Being able act in a timely manner when it comes to health issues saves lives. And regarding education, data analysis helps reduce academic failure. “The macro data allows us to know our students better, their study habits and what works best for them when facing learning processes in order to offer more personalized itineraries adapted to each student,” says Julià Minguillón, professor of Computer Sciences, Multimedia and Telecommunication Studies at the Universitat Oberta de Catalunya (UOC), in an article published on the institution’s website.

Teresa Sancho, who is a professor in the same institution, adds in the same article that “being able to react on the spot, not only when the course is finished, giving everyone what they need, is definitely a good thing.”

In fact, that’s what Big Data is about: giving everyone what they need. It obviously applies to health and education, but also to banking, the fashion industry, sports, energy sources and so on. The management of data allows for the creation of strategies and actions that aim towards simple process optimization. In a word, it’s a matter of efficiency.

Privacy and anonymity

To what extent is data anonymous? To what extent is privacy preserved? That’s the question users must ask the moment they generously provide their data. In fact, users are not always aware that’s what they are doing and, if they do, most of the time they really don’t know what this process of data-giving entails.

Tascón and Collaut’s book also explains how legislation usually applies general data protection principles to each sector (may it be business, research, education and so on). However, in the very same book, Iñaki Pariente de la Prada, the director of the Basque Data Protection Agency, points out that updating rules and regulations is important because “the current one was made when we still had no internet. We are now living in a world in which everyone walks down the street with several devices on.”

So what happens when the data is so abundant that it is impossible to get consent from everyone, all the time, while data is being produced? The data must be made anonymous, so that it is not linked to specific individuals, allowing for their identification. It is a basic principle of both privacy, identity safety and respect for private property (which, yes, includes data).

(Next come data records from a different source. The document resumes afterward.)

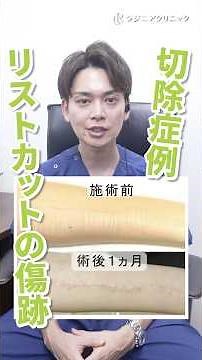 タトゥー切除のリアル解説｜首と胸の症例・レーザーとの違い・傷跡ケアまで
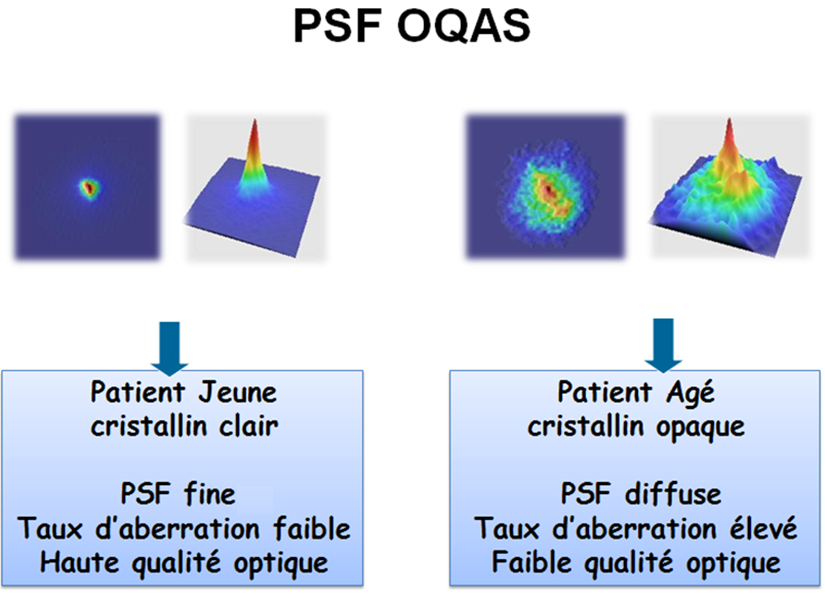 PSF OQAS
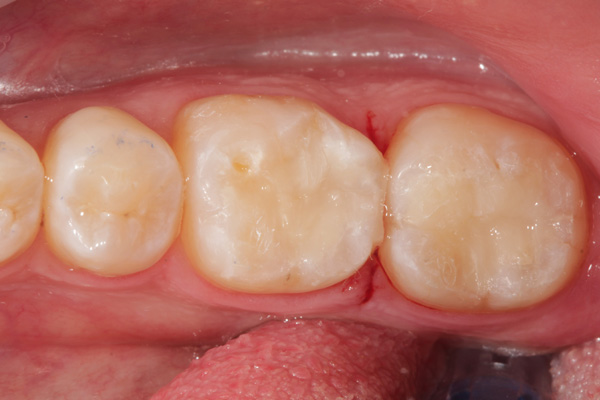 composite filling case after 2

In addition, the ownership of such data is another of the aspects that generates the more controversy, and on which most current legislation has not yet established clear norms. There is no specific law concerning Big Data, but according to Pariente De La Prada, administrations and companies worldwide are indeed obliged to publish a declaration that explains whether they are going to respect or not certain privacy policies and how will they do it (or not) when engaging in massive data analysis.

“The only thing that is clear is that the company that facilitates the means to pull up a database has a series of rights on it. On the contrary, in relation to the ownership of information generated from Big Data there are no explicit rules, so one will necessarily have to follow general principles of law, as well as by what ends up being established in the contractual relations between the different parties involved,” explained Alejandro Sánchez del Campo, a lawyer who is specialized in technology, in the FIDE Blog of the Spanish journal El Confidencial.

From Big Data to Smart Data

“Data is a treasure when there is knowledge in it. Profiting from such ‘gold’ will depend a lot on the questions we ask ourselves, and how imaginative and skillful we are,” says Teresa Sancho, from the UOC.

What Sancho points out is, indeed, key, and is one of the many elements Marr points out at in his book. Setting aside its quantity, its speed and its diversity, veracity is the fourth key element of Big Data, since the data cluster that is constantly generated can lead to erroneous conclusions if it is mistakenly interpreted, if not organized properly.

Therefore, strategies, technical resources and new professional profiles are needed to make the most of Big Data. “Whether we like it or not, whether we are prepared for it or not, the future will be Big Data. Our ability to harness that power with intelligence, common sense, and usefulness will make it valuable SMART Data,” Marr affirms.